Previously I've talked about
Automatic Differentiation (AD). My own formulation of the technique is more algebraic than the description that is usually given, and recently it's begun to dawn on me that all I've done is rediscover Synthetic Differential Geometry (SDG). I've looked at a variety of SDG papers but none of them seem to make the connection with AD. This is a pity because SDG allows you to do an amazing thing - write computer programs that easily manipulate objects such as vector fields and differential forms on manifolds without doing symbolic algebra. My goal here is to illustrate how the definition of vector field in Anders Kock's
book gives a nice functional definition of a vector field and how that definition leads naturally to the Lie bracket. Normally it takes a significant amount of mathematical machinery to define these things but in the framework of SDG it becomes very simple. (Unfortunately this is going to be very sketchy as there's a lot I could say and I only have a small amount of time while I sit at home waiting for a new TV to be delivered...)
Kock's work is based on the idea of infinitesimal numbers whose square is zero but which aren't themselves zero. Clearly we aren't talking about real numbers here, but instead an extension to the real numbers. Here's a toy implementation:
> data Dual a = D a a deriving (Show,Eq)
> instance Num a => Num (Dual a) where
> fromInteger i = D (fromInteger i) 0
> (D a a')+(D b b') = D (a+b) (a'+b')
> (D a a')-(D b b') = D (a-b) (a'-b')
> (D a a')*(D b b') = D (a*b) (a*b'+a'*b)
> e = D 0 1
They're called
dual numbers because this particular algebra was apparently first described by Clifford and that's what he called them. The important point to note is that
e^2==0. We can use the fact that
f(x+e)=f(x)+ef'(x)
to compute derivatives of functions. For example if we define
> f x = x^3+2*x^2-3*x+1
and evaluate
f (1+e) we get
D 1 4. We can directly read off f(1)=1 and f'(1)=4.

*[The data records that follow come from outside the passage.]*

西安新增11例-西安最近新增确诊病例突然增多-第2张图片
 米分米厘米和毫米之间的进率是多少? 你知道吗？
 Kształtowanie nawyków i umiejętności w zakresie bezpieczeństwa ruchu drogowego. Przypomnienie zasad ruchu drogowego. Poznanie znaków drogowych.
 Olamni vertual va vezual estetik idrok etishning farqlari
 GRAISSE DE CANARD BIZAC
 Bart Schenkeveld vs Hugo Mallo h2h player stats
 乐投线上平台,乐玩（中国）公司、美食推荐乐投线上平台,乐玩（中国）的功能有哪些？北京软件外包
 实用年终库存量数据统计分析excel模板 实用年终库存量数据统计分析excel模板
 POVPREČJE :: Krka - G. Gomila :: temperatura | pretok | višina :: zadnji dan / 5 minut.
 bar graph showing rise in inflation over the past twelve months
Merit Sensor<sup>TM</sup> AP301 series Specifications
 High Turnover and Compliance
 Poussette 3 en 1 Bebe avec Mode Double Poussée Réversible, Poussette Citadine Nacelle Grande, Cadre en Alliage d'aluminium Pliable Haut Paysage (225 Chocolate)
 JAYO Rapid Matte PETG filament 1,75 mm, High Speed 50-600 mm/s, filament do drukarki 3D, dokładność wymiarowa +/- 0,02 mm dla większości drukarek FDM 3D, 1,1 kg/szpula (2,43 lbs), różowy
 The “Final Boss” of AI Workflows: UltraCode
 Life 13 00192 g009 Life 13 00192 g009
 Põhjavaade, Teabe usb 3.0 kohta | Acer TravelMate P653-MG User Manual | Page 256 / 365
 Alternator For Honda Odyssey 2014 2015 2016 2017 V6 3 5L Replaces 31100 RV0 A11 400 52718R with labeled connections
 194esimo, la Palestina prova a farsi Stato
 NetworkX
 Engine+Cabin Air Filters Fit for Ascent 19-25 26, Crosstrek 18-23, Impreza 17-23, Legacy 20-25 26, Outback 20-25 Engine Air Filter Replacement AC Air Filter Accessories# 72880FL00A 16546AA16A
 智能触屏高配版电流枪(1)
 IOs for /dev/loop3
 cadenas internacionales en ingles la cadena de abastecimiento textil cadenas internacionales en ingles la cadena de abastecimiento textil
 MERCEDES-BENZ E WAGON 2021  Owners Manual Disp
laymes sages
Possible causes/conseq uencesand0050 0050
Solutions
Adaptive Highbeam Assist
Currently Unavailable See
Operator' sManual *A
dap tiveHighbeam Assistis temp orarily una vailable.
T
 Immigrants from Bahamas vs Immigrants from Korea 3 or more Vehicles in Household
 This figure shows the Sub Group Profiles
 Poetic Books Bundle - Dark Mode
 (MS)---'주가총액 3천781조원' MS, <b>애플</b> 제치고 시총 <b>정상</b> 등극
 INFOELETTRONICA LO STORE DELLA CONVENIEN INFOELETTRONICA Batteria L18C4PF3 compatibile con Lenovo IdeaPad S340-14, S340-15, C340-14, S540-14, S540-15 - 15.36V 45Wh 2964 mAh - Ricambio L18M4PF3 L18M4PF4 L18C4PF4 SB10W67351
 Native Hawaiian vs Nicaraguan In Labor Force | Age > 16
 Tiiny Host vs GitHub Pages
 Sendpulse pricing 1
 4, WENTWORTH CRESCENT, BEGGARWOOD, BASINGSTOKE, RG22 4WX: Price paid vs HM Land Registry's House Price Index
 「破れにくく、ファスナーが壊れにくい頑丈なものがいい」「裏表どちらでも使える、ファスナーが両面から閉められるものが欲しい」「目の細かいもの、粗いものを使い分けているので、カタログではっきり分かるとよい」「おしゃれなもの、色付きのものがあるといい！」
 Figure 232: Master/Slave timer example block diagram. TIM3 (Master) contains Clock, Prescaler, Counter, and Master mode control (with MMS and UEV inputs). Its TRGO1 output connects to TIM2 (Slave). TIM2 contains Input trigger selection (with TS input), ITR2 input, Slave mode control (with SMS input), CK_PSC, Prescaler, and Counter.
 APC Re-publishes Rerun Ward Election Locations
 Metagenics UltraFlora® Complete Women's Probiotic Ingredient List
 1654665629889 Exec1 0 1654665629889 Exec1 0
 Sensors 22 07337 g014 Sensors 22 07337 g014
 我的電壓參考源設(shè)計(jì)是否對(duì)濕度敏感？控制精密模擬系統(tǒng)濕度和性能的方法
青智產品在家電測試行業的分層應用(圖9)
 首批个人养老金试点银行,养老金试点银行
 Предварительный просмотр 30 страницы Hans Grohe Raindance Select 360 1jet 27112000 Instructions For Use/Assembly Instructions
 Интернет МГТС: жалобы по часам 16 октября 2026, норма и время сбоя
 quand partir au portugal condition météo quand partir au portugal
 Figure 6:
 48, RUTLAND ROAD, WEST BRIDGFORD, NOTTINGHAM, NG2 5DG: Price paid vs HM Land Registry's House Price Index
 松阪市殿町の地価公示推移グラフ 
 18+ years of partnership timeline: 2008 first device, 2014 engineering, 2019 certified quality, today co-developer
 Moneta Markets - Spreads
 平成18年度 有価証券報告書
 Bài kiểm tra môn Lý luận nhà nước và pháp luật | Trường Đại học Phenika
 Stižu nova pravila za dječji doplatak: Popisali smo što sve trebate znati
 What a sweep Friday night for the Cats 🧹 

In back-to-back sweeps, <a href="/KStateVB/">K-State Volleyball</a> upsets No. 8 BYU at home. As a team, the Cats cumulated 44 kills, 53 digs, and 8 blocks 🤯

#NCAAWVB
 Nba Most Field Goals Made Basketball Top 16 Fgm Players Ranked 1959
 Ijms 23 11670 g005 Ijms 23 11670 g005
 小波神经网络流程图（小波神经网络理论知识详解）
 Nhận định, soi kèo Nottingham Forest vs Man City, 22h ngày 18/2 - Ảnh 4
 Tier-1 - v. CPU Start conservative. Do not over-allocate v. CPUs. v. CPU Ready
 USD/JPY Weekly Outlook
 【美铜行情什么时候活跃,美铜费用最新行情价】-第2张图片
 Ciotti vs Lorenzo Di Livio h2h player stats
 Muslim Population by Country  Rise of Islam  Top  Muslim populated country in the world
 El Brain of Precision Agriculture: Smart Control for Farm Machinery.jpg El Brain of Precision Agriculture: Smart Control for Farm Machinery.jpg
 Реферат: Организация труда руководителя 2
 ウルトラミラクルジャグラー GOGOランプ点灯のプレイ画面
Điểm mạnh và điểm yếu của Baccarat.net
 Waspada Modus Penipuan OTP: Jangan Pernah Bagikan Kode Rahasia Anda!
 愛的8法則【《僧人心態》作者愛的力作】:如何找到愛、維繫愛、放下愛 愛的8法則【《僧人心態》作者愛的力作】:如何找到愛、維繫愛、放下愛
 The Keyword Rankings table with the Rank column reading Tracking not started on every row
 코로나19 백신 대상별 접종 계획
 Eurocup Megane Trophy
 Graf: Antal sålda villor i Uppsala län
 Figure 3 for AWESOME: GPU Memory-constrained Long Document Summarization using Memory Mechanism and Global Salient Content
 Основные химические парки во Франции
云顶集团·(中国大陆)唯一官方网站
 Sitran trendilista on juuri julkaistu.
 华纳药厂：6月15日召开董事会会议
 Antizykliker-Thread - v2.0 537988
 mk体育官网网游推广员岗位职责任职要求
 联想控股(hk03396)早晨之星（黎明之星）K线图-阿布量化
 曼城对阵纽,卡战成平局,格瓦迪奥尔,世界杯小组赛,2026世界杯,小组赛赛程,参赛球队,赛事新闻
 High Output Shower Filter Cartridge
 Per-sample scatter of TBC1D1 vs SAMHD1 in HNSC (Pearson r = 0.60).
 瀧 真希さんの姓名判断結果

But, as Kock points out, the dual numbers don't provide 'enough' infinitesimals, we just get one, e, from which all of the others are built. So we can replace Dual with a new class:
> infixl 5 .-
> infixl 5 .+
> infixl 6 .*
> infixl 6 *.
> data R a = R a [a] deriving Show
> zipWith' f l r [] [] = []
> zipWith' f _ r a [] = map (flip f r) a
> zipWith' f l _ [] b = map (f l) b
> zipWith' f l r (a:as) (b:bs) = (f a b) : zipWith' f l r as bs
> (.+) :: Num a => [a] -> [a] -> [a]
> (.+) = zipWith' (+) 0 0
> (.-) :: Num a => [a] -> [a] -> [a]
> (.-) = zipWith' (-) 0 0
> (.*) :: Num a => a -> [a] -> [a]
> (.*) a = map (a*)
> (*.) :: Num a => [a] -> a -> [a]
> (*.) a b = map (*b) a
> (.=) :: (Eq a,Num a) => [a] -> [a] -> Bool
> (.=) a b = and $ zipWith' (==) 0 0 a b
> instance (Eq a,Num a) => Eq (R a) where
> R a a' == R b b' = a==b && a'.=b'
A slightly more extended version of the Num interface:
> instance Num a => Num (R a) where
> fromInteger a = R (fromInteger a) []
> (R a a') + (R b b') = R (a+b) (a'.+b')
> (R a a') - (R b b') = R (a-b) (a'.-b')
> (R a a') * (R b b') = R (a*b) (a.*b' .+ a'*.b)
> negate (R a a') = R (negate a) (map negate a')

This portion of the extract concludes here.